What do you do when your partner has suddenly become alcoholic, indulges in gambling, or practices infidelity? Do you swift into the narrative of revenge mission? Can two wrongs make right? The late Bishop Desmond Tutu once said, “an eye for an eye makes the world full of blind people.” So what is the way out?

As the first step towards solution, bear in mind that the venom of your action is primarily injurious to your life; first as consequence before hurting anyone else. If it is alcohol, it slowly damages the liver. If it is gambling, the psyche is at risk and if it is sexual promiscuity, the STIs  and soul-ties are lurking.

Secondly, consideration must be given to the foundation of the courtship/marriage. If you meet your partner as a victim to any of these malaises, then you need to exercise more patience if you’re convinced to remain. However, if it is a sudden indulgence, then there must be a reason, which will require you to decipher.

In order to tackle this menace, one needs to come to terms with the language of tact. This does not mean you become a doormat to your husband; it does mean that you become wise and smart. On Television the other day, I listened to how a woman won her husband over against alcohol. Each time the man steps in, rather than nagging, or playing the revenge drama, she simply performed her role as a wife; serves the meal, get everything set for bath and pulled off his wears.
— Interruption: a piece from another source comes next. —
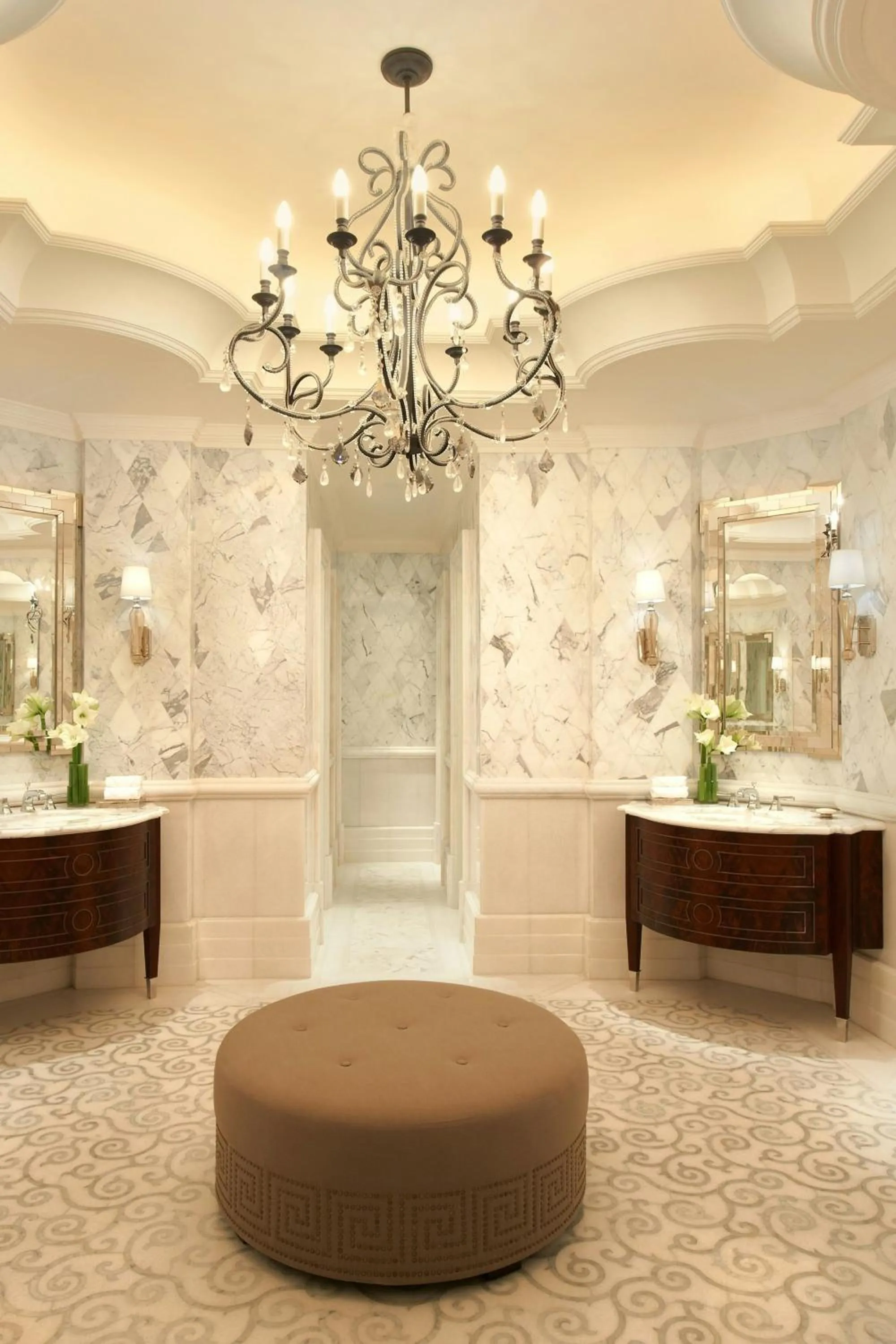 Bathroom in The St. Regis Abu Dhabi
Awhile later, the returning home from office turned out to be quite early than usual. Some months later he reeks less and less of alcohol until that influence completely vanished. Later, he testified that the extra ordinary love she demonstrated gradually made him longed to come home to be with her. 

If you have done all you could yet to no avail then try once more, and while you do, communicate your grievance to your spouse under bedroom closed door. If all these fail, then you have done your part and the law of Karma will judge you right. Once a woman told me how she had put up with her husband’s baggage for years. That is the lily she chose to offer against a thorn for a playboy husband. The man wouldn’t just budge. Alas, the man ended up with HIV/AIDS and passed on some 20-years back, leaving the wife and their son not only alive, but HIV/AIDS free today. Yes I believe that nature has a way of judging people who offer lily in place of a thorn, and nature will judge you right if you keep to the path of wisdom.